◆ Task
The line containing "An image called d_35_16_800.jpg" marks the end; write out exactly every line from the start of the data up to and including it, without the pictures.

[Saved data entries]
_ _ _ _ _

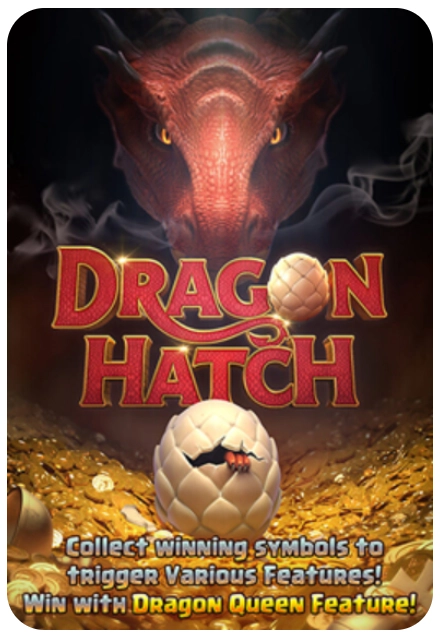 dragon hatch game at rollbits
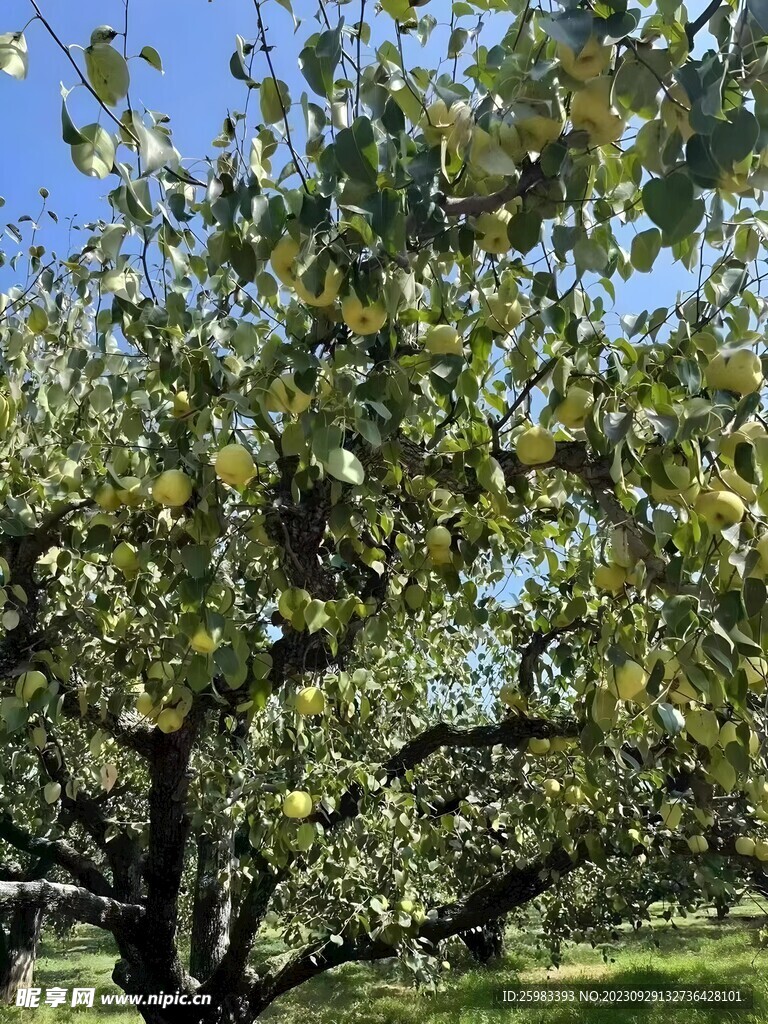 砀山梨栽培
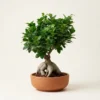 ficus-bonsai-anthektika-fyta-esoterikou-chorou-dragatakis-flowers-marousi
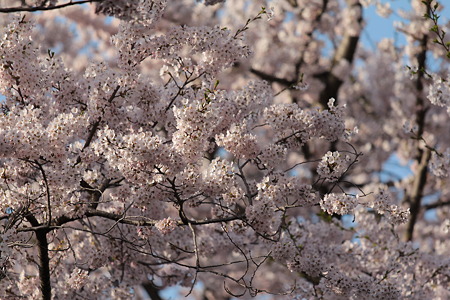 桜2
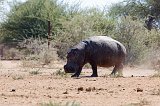 Hippopotamus, Erindi Private Game Reserve, Namibia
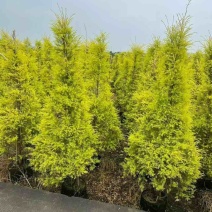 黄金香柳80-300，各种规格，大量低价出售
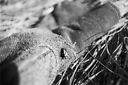 
								An image called d_35_16_800.jpg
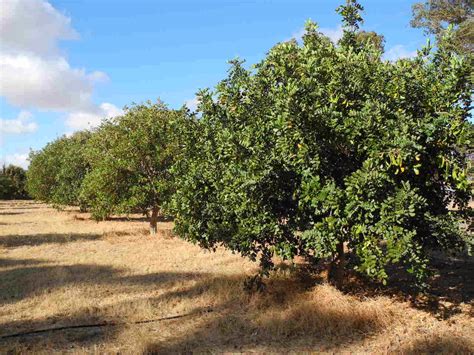 Garden of Life: Raising funds by harvesting Carob Bean Trees.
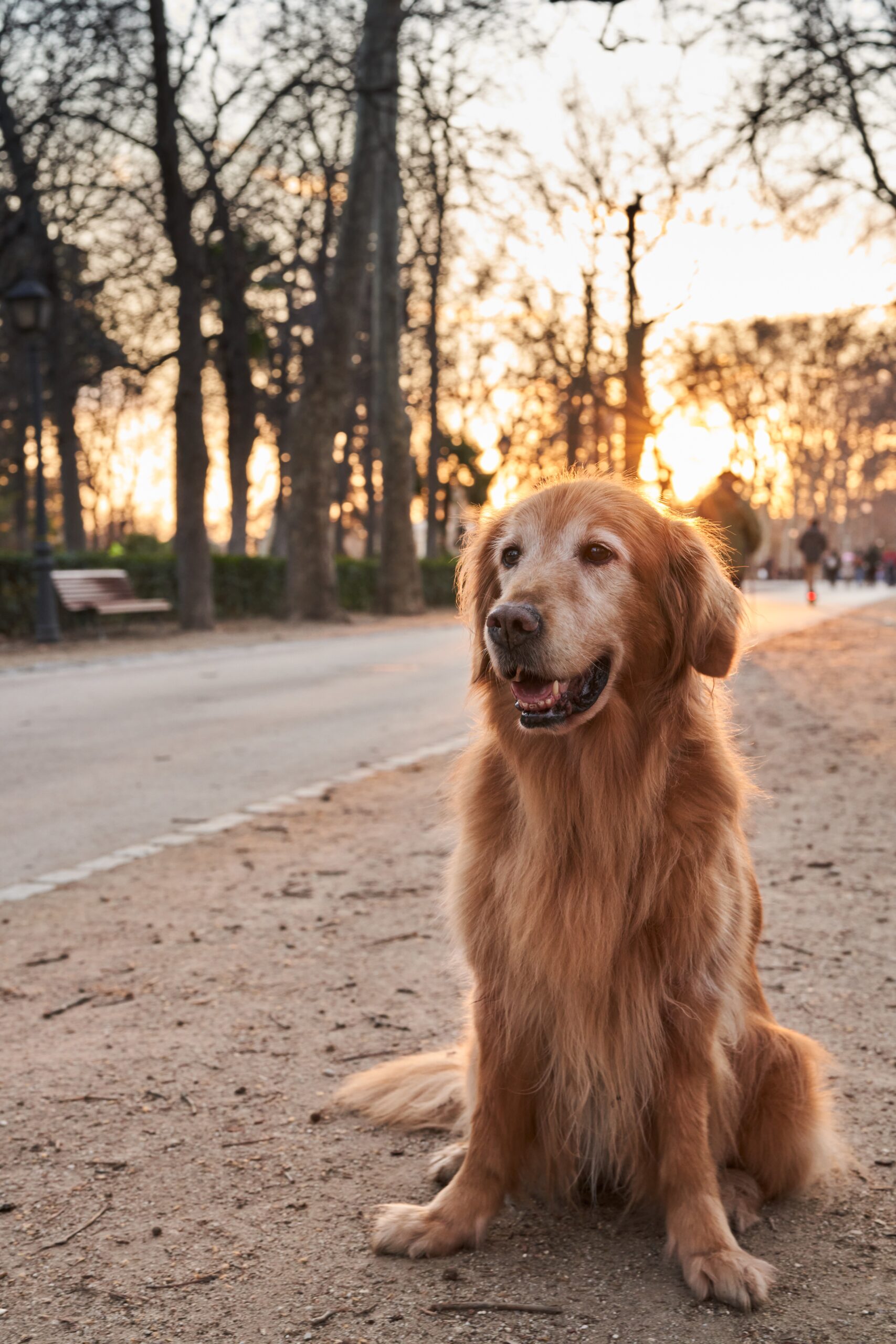 🐕 Golden Retriever: Guia Completo para Criar um Lar Feliz e Saudável 🏡✨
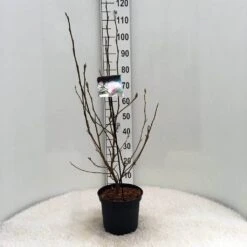 Beverboom (Magnolia Soulangeana) 14 Beverboom (Magnolia Soulangeana) -PlantenPracht Winkel m. soulangeana c5 2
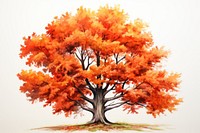 Maple tree plant leaf. AI generated Image by rawpixel.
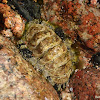 Haddon's Chiton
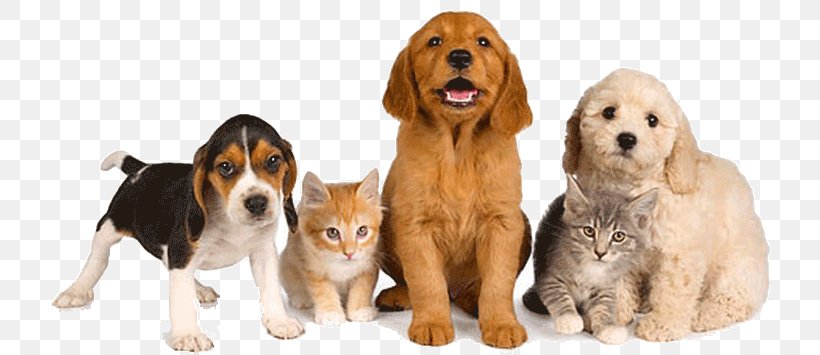 Dog Pet Sitting Pet–friendly Hotels Pet Shop, PNG, 728x355px, Dog, Carnivoran, Cat, Collar, Companion Dog Download Free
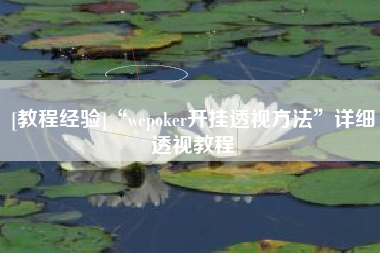 [教程经验]“wepoker开挂透视方法	”详细透视教程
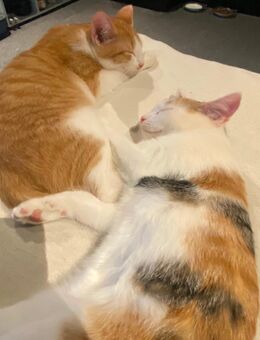 Katzen - Ebern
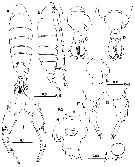Espèce Tortanus (Atortus) magnonyx - Planche 1 de figures morphologiques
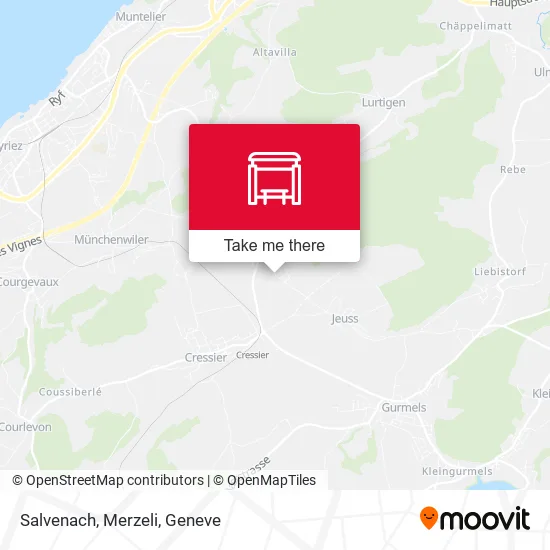 Salvenach, Merzeli map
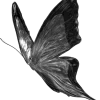 🌟 Эмодзи «𝐜𝐨𝐟𝐟𝐞𝐮𝐦 Fr» для Telegram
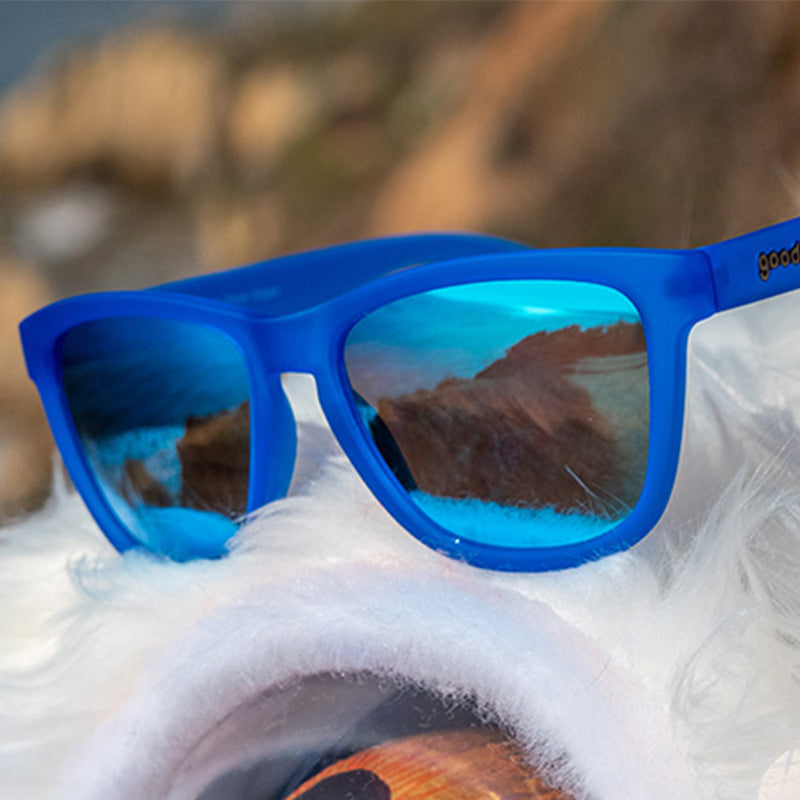 Close up of Goodr Falkor's Fever Dream Sunglasses featuring blue on blue frames and polarized lenses, inspired by whimsical fantasy and built for comfort, available at Be Charmed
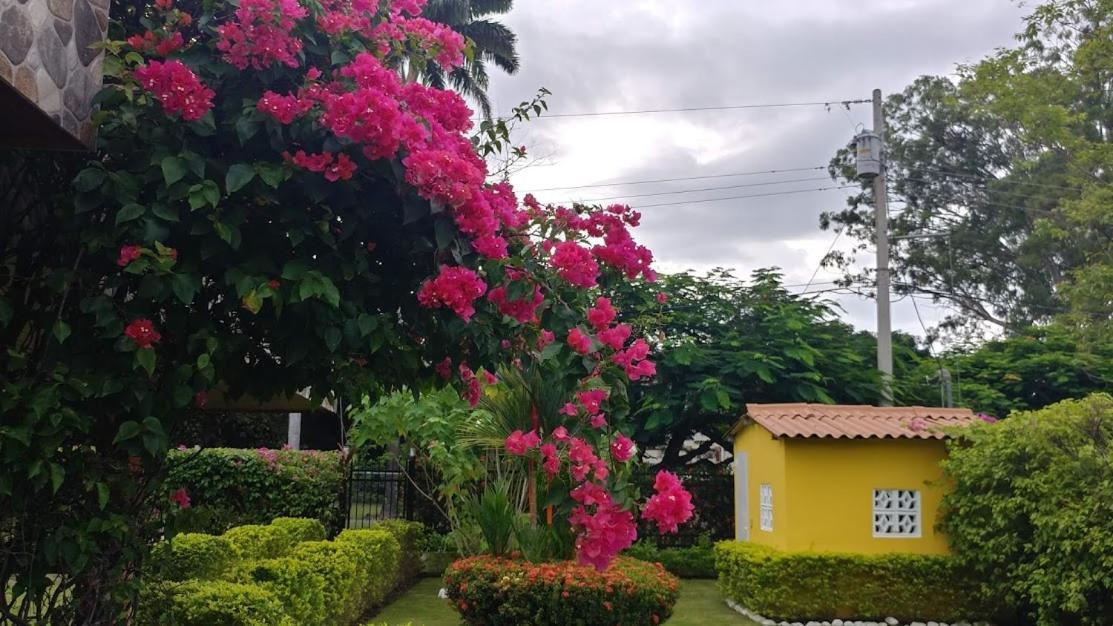 Casa De Los Suenos B&B Coronado Panama Playa Coronado Esterno foto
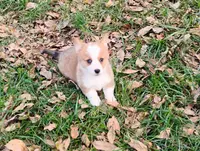 Layna, a female Pembroke Welsh Corgi for sale in Hanover, KS – Photo 7 of 9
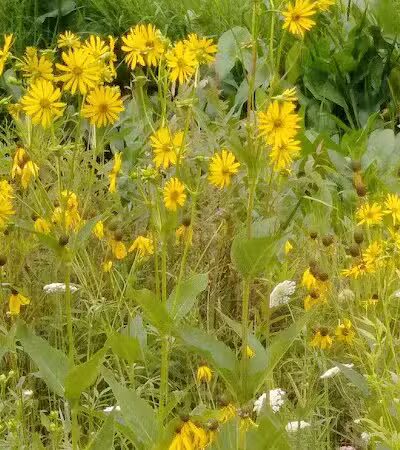 Crawford Farms Park - Blacklick, OH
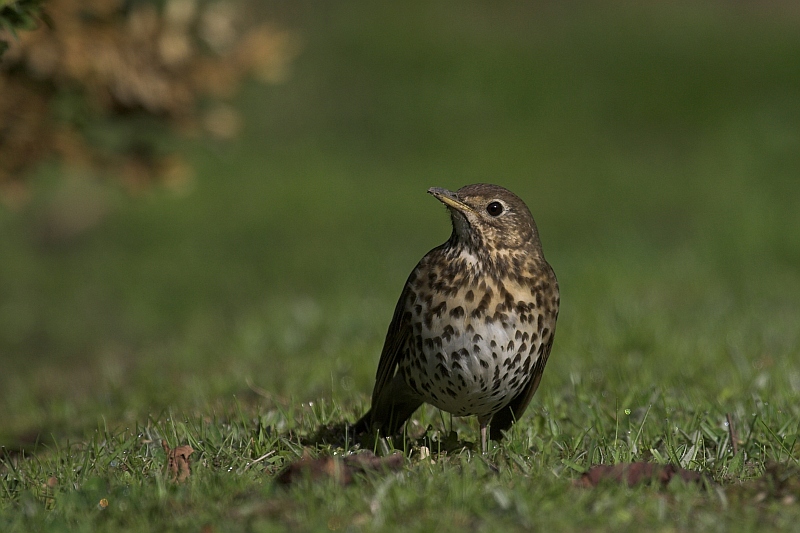 Śpiewak - Turdus philomelos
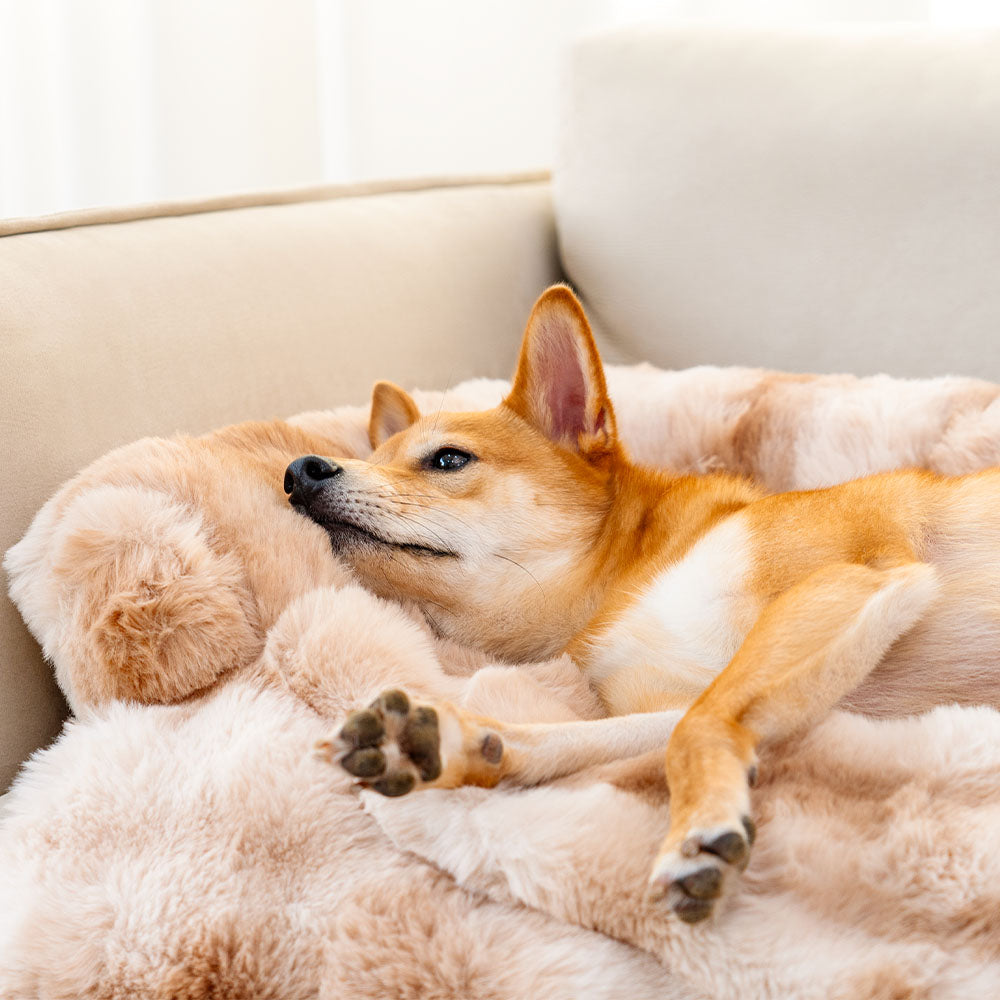 PlushNest - Luxury Dog Bed for Optimal Comfort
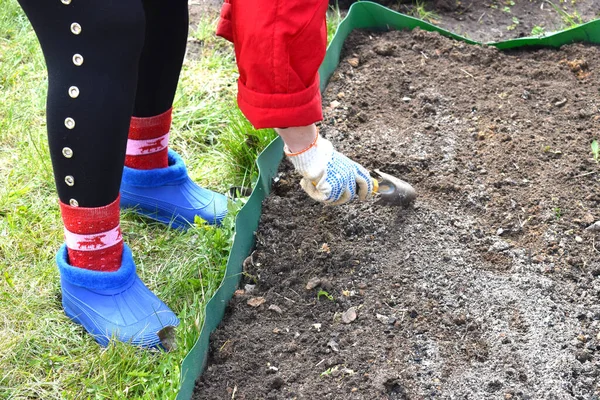 Trädgårdsmästare gräver i marken. Skötsel av grönsaksodlingar. Plantering av grödan i området — Stockfoto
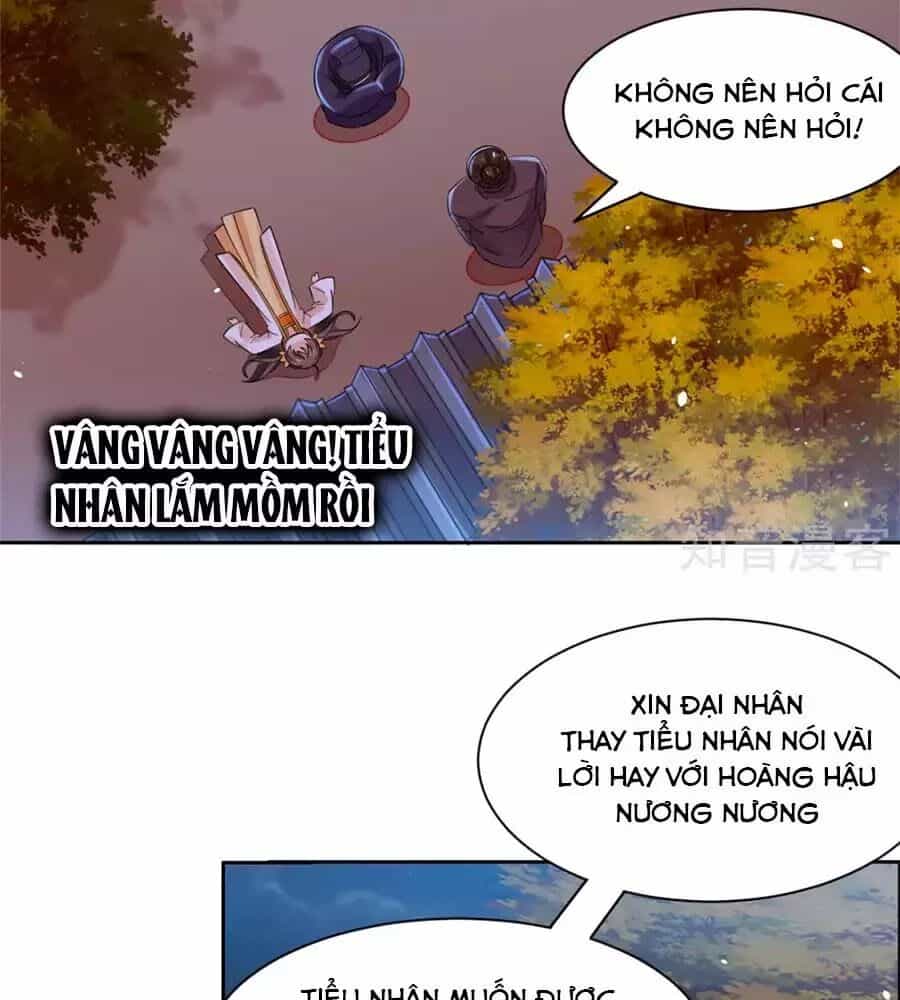 Vương Gia Là Đầu Đại Lão Hổ - Chương 68 - ảnh 15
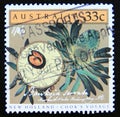 Postage stamp Australia, 1986. Banksia serrata flower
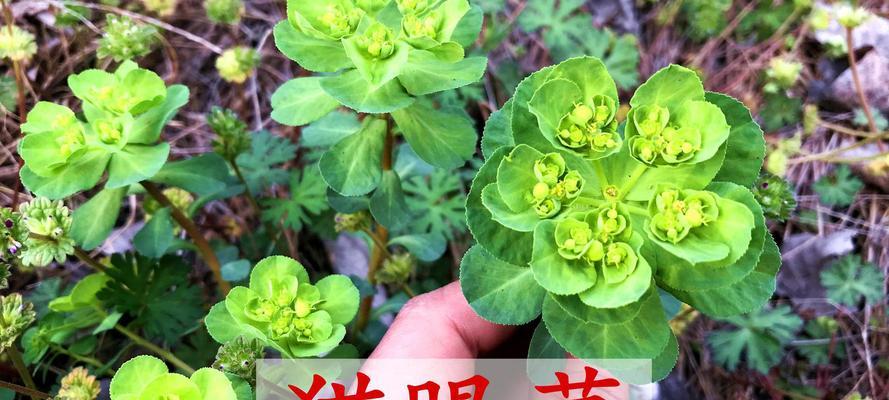 猫眼草的花语是什么？猫眼草象征着什么？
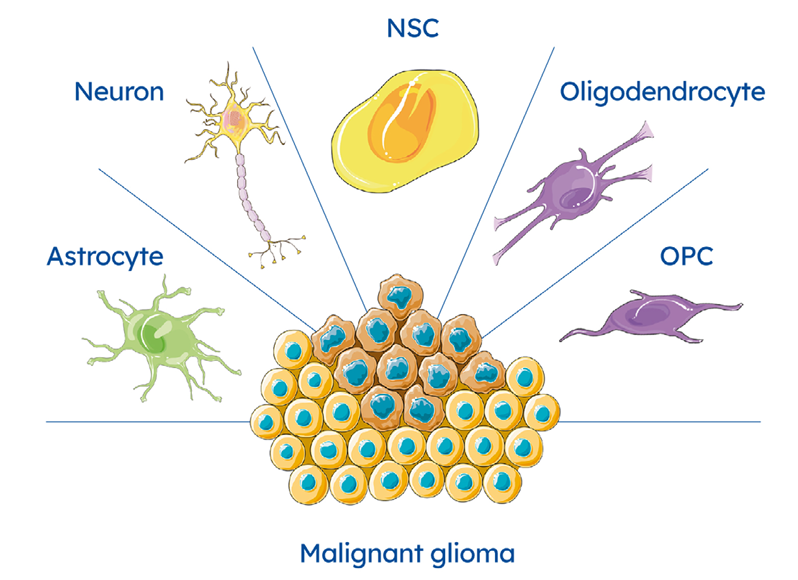 methyl ebook image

_ _ _ _ _

◆ Response to this task
 dragon hatch game at rollbits
 砀山梨栽培
 ficus-bonsai-anthektika-fyta-esoterikou-chorou-dragatakis-flowers-marousi
 桜2
 Hippopotamus, Erindi Private Game Reserve, Namibia
 黄金香柳80-300，各种规格，大量低价出售
								An image called d_35_16_800.jpg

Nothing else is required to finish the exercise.